[Excerpts from a dataset]
━━━━
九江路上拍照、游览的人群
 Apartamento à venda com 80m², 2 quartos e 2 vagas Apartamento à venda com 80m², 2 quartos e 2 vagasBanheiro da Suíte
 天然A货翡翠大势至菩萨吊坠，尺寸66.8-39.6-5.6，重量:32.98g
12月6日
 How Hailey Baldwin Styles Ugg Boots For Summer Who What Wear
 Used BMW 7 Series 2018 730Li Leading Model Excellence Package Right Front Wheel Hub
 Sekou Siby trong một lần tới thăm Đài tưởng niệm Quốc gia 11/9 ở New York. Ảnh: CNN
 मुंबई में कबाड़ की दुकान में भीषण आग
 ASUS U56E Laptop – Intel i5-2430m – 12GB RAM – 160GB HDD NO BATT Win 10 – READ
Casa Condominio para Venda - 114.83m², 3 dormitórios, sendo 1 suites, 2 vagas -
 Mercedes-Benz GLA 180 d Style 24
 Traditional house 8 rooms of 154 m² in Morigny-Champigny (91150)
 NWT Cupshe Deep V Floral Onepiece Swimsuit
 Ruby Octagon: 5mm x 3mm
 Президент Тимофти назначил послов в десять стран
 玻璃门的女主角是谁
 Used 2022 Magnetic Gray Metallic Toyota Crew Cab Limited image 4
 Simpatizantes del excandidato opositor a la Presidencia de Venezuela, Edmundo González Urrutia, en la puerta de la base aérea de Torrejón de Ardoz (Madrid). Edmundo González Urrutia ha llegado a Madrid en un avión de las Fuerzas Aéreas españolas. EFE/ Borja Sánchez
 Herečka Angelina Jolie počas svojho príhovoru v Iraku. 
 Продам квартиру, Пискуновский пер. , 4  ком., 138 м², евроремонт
━━━━
Scan the records for the word "Used", and copy each line where it is found.

ANSWER BOX:
 Used BMW 7 Series 2018 730Li Leading Model Excellence Package Right Front Wheel Hub
 Used 2022 Magnetic Gray Metallic Toyota Crew Cab Limited image 4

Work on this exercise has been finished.